Virginia Paguaga’s mission is to knock down the barriers that have been imposed between different art forms. Her project “Videopoetica” seeks to experiment with images and words. It involved a group of female poets, photographers and filmmakers so that they could create an audiovisual anthology, and reinterpret texts written by Central American women.
“This project has arisen out of my personal need to want to experiment and create using different art forms, to play around with literature, performance and video. To have this chance to experiment with images and then collectivize my experience,” says Paguaga, who is a Nicaraguan social communicator and filmmaker.
But, what is an audiovisual anthology? Paguaga defines it as the crossroads between words and images. According to her, it entails transforming thoughts and feelings that poems evoke into photos, fiction and non-fiction videos, among others.
The project coordinator explains that the 18 “videopoems” that make up the work deal with subjects such as violence, creativity, freedom and women’s rights.
She explains that the creative process behind each and every “videopoem” was meant to let artists to freely interpret these texts, and that filmmakers and video editors were allowed to give shape to their own vision about these.
“The thing was that a young girl picked out a text, and we created an idea based on this text and we were going to record it. Then another person came along and took these images and then edited them according to their own understanding. There was freedom at every step along the creative process for artists to give their own interpretation,” the artist claims.
Renowned writers and journalists from Central America, among them Daisy Zamora, Marta Leonor Gonzalez and Blanca Castellon from Nicaragua, appear with their texts in the Videopoeticaproject.
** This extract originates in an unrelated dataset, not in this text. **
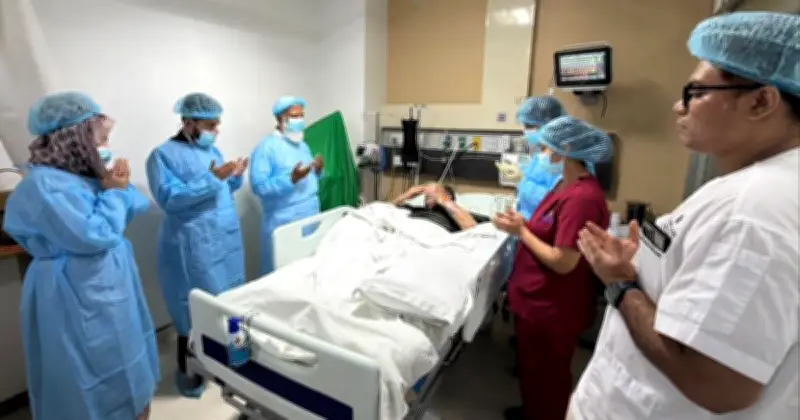 হাসপাতালে মির্জা আব্বাসের শুভেচ্ছা সাক্ষাতে জামায়াত আমির ডা. শফিকুর রহমান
Costa Rican writer Magda Zavala, Panamanian writer Corina Rueda Borrero and the Guatemalan writer Rosa Chavez are also featured.
As well as female filmmakers and video editors, Nicaraguan actresses, photographers and designers such as Gloria Ruiz, Karen Rodriguez, Jennifer Bello and Eugenia Carrion, among others, also took part.
“There were many languages and the idea was to make it multidisciplinary… this hardly every happens in Nicaragua, because we don’t respect people from different disciplines, we form groups and we shut ourselves off. It’s time for us to mix together. Having diversity within the group was very important for me as well as each artist having their own vision,” the project coordinator mentioned.
“It’s time for us to share what we know”
Paguaga has appeared as a filmmaker in media and has taken part in producing documentaries and feature films. Having graduated from the Casa Comal film school in Guatemala, part of her proposal was also to open up spaces where different groups and generations can share their knowledge and break away their boundaries.
“I think it’s time for us to share what we know now, there are a lot of people who study and when they make it, they don’t share their knowledge. So, I feel it’s important, and necessary, to make film, and art at this point in time, and for what I know to be useful to someone else,” the filmmaker stated.
On the other hand, the list of writers and filmmakers is mainly female, as Paguaga wanted to give recognition to female artists’ work, and to create ties between them, breaking down the lines and resentment that exists between generations.
“There is a lot of competition among us, misogyny, and artists have their ego, these three things come together and make you not want to approach another and I really wanted to break down these barriers. I feel it’s important for women to listen to other women, to older women, those who fought a long struggle so that I can now have a more available space to work,” Paguaga commented.
“We need to recognize each other because the same nail that goes through your shoe goes through my shoe. Why are we going to compete against each other if I can take out your nail or you can take it out for me? This is about seeing things from another perspective and it’s been feminism that has given me this perspective,” the artist added.
The project was presented on Tuesday August 15th at the Pablo Antonio Cuadra Cultural Center (PAC). Videopoetica’s plans are to release these videos onto social media and to go on a tour through Central America so as to promote these works. They will visit cultural centers throughout the country, during September.